Printing Processes


In screen-printing, screen fabric is stretched over a frame. The grade of the screen fabric and the weight of the fibers are determined by the print resolution and the viscosity of the ink.
The template coating is then applied to the screen fabric either manually or photomechanically. The actual motive to be printed can be anything at all. For example, the template material could be a light-sensitive emulsion. If a printing film on this coated screen is then exposed, the emulsion on the exposed areas hardens and the unexposed areas can be rinsed clean with water.

A rubber squeegee draws ink across the screen, transferring it through the mesh of the fabric onto the desired material wherever the screen is not coated. The screen is then lifted away and the print is ready.
Screen Printing

Squeegee draws ink across the screen transferring image through to vinyl.

The Benefits of Screen-Printing

• Screen printing inks are ultraviolet (UV) light cured, pigmented colors.

• These inks are glossy and very resistant to chemicals and abrasion.

• Screen-Printed materials are weather proof and waterproof and may be used indoors and outdoors.


Flexography is a high speed printing process that uses flexible plates made of rubber or plastic. The inked plates have a slightly raised image and are rotated on a cylinder to transfer the image to the substrate.

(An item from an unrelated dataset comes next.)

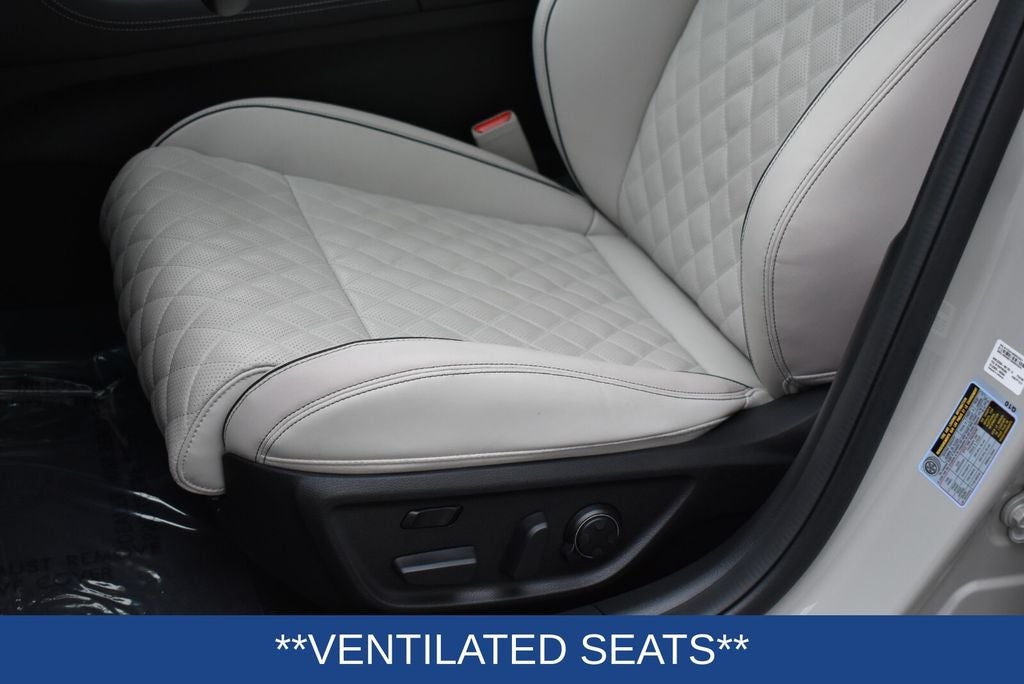 2025 Genesis G70 3.3T AWD Sport Advanced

The Benefits of Flexo-Printing
• Very economical.

• This system can be well suited for a wide variety of materials including paper, plastic, acetate film, polyethylene, and newsprint.

• In addition to creating full-color materials, most flexographic presses accommodate laminating and die cutting processes to protect the product's final shape and size

• Flexo-Printed materials are not weather proof, therefore only indoor use is recommended.

• Flexo-Printed inks will vary slightly in color from our standard screen printed inks.
Flexo Printing

Rubber plate with raised image rotates on cylinder to transfer image to labels.